The disposal of used tyres in landfills causes serious effects on environment as the rubber can take up to 1000 years to decompose due to its high sulfur content. This has prompted countries across the world to ban scrap tyres from landfill with the European Union issuing legislations that include a complete ban on the landfill disposal of tyres to protect public health and environment.
Recycling of scrap tyres provides an excellent opportunity to use them as an alternative fuel in cement manufacturing. Scrap tyres are used in cement kilns where they are burnt at high gas temperatures of 1000-1200-degC resulting in an instantaneous, complete, and non-smokeless tyres combustion.
Tyres-derived fuel (TDF) is more cost effective than fossil fuels, and helps preserve natural resources by reducing the dependence on fossil fuels. TDF allows cement manufactures to reduce emissions and production costs, turning scrap tyres from an environment and public health challenge to an efficient source of alternative energy.
Dr Salem Al Kaabi, Director General of Tadweer, said: “The opening of our expanded used tyres recycling facility is aligned with Tadweer’s strategic objective of converting used tyres from an economic burden into a valuable economic resource. In addition to reducing the adverse effects of scrap tyres on public health and the environment, the expanded facility will go a long way in saving energy and cutting related costs.

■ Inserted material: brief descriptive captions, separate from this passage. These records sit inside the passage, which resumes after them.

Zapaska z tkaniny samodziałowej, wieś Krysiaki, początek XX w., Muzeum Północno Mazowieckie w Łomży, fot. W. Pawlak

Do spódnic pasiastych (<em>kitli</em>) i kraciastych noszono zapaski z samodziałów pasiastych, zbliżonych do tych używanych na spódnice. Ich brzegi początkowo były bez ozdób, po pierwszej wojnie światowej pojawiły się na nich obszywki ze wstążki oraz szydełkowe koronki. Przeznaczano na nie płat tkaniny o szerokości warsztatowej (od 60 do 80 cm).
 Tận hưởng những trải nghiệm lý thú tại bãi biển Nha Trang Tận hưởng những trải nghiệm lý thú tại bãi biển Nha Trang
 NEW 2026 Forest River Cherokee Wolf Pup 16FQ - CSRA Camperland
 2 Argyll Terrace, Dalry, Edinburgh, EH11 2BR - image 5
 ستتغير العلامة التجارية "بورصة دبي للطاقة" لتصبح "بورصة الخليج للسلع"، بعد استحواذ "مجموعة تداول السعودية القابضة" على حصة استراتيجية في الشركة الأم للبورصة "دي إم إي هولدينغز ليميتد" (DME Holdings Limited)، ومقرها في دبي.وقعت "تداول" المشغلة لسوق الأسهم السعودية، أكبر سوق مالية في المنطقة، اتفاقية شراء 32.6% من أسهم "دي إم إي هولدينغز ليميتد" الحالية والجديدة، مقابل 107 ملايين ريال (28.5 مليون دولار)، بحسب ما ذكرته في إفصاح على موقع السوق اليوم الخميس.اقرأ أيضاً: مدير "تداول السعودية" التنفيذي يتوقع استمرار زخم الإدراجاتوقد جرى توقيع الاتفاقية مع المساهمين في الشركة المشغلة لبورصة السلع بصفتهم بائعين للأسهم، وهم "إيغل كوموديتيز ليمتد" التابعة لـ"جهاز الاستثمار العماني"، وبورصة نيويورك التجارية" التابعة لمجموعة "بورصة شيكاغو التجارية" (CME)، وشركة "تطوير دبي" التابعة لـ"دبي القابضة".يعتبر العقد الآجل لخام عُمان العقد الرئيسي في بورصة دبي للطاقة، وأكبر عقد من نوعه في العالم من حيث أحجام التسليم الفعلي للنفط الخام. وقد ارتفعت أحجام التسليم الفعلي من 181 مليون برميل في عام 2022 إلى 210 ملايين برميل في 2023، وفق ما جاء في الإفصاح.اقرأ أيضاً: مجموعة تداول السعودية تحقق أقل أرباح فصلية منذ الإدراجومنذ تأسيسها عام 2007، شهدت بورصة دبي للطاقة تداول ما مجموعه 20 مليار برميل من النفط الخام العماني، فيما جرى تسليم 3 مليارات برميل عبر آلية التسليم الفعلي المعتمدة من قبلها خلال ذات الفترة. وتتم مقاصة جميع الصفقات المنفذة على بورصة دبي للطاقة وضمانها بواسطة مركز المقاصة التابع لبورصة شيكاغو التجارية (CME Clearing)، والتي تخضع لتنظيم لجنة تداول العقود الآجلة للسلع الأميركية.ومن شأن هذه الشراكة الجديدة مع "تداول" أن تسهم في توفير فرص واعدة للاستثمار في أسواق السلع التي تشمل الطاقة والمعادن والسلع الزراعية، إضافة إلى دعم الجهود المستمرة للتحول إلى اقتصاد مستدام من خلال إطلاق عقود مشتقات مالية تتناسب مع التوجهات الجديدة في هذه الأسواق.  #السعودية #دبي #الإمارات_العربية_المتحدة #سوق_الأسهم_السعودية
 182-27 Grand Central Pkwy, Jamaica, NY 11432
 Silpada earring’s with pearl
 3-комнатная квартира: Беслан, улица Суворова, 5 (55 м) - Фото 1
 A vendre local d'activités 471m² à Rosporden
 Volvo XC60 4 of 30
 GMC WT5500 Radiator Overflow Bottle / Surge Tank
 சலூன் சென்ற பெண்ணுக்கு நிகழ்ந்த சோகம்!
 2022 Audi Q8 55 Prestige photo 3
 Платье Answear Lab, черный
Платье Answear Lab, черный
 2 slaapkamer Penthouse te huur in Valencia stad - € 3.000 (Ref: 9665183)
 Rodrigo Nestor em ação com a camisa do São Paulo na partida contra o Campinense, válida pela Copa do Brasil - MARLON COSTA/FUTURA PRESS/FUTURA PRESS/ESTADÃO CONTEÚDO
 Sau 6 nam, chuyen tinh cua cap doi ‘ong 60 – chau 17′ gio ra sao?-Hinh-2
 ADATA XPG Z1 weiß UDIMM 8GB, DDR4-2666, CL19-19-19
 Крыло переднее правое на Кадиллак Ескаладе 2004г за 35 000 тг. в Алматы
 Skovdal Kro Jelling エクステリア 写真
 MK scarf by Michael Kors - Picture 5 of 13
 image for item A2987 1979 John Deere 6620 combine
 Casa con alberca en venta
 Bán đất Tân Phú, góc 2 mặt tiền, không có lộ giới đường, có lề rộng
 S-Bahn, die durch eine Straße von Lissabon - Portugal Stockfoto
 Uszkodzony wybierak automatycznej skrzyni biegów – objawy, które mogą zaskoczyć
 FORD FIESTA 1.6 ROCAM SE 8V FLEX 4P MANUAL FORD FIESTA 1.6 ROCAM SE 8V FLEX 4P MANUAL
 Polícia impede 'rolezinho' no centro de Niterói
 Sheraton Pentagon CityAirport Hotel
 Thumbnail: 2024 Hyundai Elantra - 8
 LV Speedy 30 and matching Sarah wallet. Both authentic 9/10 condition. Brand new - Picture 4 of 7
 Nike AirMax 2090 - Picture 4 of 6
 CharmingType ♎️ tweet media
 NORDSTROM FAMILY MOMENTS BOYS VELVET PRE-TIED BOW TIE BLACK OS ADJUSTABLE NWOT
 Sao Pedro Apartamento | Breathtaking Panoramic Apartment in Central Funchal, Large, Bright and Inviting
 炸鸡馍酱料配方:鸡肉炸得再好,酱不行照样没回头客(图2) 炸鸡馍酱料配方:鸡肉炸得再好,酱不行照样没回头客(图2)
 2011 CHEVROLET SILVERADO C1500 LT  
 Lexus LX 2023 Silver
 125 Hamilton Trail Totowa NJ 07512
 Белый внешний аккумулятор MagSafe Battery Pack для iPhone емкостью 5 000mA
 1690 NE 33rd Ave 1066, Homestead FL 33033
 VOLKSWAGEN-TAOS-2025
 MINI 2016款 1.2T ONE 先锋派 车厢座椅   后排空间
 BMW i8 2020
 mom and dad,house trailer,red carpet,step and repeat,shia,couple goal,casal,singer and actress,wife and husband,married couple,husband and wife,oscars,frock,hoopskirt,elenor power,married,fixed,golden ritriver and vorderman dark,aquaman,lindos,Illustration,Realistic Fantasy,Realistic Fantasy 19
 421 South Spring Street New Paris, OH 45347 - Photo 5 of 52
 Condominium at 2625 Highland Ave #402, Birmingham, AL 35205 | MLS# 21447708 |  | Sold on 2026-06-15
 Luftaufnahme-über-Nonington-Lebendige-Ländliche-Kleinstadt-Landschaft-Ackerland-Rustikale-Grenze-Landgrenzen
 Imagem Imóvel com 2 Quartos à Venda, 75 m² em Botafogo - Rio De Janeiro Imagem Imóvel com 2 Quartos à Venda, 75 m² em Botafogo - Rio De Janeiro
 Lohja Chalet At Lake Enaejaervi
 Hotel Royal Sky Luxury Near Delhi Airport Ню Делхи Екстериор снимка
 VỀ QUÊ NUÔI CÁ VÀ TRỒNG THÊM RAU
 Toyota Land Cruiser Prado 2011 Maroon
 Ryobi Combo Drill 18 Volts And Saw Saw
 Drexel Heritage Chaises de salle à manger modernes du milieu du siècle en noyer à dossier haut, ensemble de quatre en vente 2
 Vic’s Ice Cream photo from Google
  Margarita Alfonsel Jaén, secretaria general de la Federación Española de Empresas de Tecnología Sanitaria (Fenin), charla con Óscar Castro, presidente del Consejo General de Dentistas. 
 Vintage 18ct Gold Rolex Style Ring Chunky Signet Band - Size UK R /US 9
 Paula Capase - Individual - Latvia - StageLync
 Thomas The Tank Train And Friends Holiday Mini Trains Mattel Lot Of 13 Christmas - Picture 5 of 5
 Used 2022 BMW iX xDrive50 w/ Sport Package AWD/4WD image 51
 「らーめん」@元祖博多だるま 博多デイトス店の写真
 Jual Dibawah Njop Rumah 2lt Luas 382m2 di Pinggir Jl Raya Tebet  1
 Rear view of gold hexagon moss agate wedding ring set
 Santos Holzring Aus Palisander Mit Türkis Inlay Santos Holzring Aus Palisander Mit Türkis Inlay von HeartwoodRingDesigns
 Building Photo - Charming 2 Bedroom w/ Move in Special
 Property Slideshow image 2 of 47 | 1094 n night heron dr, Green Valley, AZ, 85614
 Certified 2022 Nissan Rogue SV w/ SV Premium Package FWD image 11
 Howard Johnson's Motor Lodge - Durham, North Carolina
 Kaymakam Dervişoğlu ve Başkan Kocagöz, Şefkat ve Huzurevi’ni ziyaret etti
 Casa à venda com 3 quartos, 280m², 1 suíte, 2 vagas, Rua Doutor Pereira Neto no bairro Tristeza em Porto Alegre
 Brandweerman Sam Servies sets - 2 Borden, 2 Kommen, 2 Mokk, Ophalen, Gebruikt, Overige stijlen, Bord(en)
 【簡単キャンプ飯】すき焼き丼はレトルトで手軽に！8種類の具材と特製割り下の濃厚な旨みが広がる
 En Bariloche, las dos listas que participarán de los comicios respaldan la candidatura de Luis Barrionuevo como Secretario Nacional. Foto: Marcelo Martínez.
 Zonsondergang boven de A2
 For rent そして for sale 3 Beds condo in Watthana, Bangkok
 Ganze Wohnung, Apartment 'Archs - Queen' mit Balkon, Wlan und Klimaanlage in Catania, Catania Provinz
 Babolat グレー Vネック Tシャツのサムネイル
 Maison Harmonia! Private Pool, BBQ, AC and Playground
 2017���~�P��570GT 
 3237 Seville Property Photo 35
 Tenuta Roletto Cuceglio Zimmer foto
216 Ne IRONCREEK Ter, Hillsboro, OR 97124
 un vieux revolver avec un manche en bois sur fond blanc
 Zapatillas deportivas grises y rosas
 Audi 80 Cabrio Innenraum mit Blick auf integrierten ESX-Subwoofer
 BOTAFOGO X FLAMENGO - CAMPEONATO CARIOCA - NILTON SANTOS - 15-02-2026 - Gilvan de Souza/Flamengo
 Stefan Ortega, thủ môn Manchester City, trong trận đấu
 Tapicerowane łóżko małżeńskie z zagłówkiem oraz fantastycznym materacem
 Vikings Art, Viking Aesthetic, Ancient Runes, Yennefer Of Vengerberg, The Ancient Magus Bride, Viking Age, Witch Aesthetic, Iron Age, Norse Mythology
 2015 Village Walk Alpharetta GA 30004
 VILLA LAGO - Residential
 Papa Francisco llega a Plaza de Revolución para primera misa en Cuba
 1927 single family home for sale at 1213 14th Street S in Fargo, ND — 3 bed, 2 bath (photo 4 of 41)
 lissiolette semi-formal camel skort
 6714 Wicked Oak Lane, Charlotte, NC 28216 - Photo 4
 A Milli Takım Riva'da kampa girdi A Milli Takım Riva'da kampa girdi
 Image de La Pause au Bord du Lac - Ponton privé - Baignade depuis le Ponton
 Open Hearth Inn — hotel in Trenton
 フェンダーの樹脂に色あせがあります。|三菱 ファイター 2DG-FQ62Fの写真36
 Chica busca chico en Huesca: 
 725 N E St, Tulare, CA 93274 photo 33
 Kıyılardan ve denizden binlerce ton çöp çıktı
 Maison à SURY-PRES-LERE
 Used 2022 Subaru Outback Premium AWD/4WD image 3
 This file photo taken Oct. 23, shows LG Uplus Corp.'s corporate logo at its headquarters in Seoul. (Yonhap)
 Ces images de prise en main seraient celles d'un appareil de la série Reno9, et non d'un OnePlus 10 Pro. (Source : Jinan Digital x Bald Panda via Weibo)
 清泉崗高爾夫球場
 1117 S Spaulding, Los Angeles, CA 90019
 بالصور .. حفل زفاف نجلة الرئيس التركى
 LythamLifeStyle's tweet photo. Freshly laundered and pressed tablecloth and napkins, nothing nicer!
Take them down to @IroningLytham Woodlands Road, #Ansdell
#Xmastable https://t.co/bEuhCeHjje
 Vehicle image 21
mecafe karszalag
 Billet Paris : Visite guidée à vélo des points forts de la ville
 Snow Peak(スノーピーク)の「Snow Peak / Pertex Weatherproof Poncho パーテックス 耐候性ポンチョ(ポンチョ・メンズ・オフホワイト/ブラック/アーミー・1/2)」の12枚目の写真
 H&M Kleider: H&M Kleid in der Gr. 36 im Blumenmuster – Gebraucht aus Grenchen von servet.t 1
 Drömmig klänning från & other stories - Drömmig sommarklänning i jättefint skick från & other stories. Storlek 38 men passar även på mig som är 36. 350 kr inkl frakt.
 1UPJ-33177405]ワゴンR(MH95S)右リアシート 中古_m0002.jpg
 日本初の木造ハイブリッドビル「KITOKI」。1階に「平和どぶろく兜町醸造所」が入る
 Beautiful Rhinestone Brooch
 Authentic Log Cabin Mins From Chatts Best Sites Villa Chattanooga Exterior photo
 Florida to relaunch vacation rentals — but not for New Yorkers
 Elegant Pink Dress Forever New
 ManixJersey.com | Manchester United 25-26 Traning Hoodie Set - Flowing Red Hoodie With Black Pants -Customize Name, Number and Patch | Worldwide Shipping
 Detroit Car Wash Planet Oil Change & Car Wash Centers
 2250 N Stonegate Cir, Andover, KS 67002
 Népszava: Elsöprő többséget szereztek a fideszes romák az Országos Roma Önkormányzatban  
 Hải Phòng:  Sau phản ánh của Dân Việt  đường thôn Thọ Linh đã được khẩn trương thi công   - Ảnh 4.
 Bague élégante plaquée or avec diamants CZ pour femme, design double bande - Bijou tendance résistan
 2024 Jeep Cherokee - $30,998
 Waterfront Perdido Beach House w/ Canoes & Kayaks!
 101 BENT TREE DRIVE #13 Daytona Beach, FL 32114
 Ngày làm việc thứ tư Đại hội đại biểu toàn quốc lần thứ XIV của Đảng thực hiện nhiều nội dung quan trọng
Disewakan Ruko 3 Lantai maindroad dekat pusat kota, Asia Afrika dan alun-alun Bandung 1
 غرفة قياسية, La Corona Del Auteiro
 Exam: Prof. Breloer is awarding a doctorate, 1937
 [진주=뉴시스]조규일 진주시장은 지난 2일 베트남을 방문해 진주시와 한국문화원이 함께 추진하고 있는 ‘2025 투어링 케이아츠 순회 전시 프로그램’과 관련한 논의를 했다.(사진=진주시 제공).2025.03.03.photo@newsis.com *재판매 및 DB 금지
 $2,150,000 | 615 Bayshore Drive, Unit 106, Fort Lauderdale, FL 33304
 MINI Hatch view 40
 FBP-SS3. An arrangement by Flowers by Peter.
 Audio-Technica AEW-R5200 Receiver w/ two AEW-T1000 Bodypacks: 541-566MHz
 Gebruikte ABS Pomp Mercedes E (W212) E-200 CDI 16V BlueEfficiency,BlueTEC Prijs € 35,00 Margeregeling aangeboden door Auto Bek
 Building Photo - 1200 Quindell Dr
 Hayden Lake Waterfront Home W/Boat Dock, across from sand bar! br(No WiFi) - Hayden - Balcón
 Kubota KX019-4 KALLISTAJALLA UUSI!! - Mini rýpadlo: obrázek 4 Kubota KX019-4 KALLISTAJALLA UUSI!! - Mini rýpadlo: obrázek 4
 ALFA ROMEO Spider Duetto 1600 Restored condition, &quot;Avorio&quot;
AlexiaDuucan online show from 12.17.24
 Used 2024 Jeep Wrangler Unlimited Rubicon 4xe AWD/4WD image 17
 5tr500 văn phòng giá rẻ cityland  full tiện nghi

Tadweer is committed to stepping up collaboration with its partners from the government and private sectors to benefit from global expertise in the safe disposal of used tyres to protect the environment from the adverse effects of harmful ingredients used in tyres production. In addition to reducing pollution significantly, Tadweer’s approach in dealing with such materials has helped local market to source materials locally in line with the highest international quality and safety standards.
“Tadweer will continue to utilize the latest recycling technologies and global best practices to achieve its goal of safeguarding public health, preserving environment and supporting the sustainable development of Abu Dhabi, Al Kaabi added.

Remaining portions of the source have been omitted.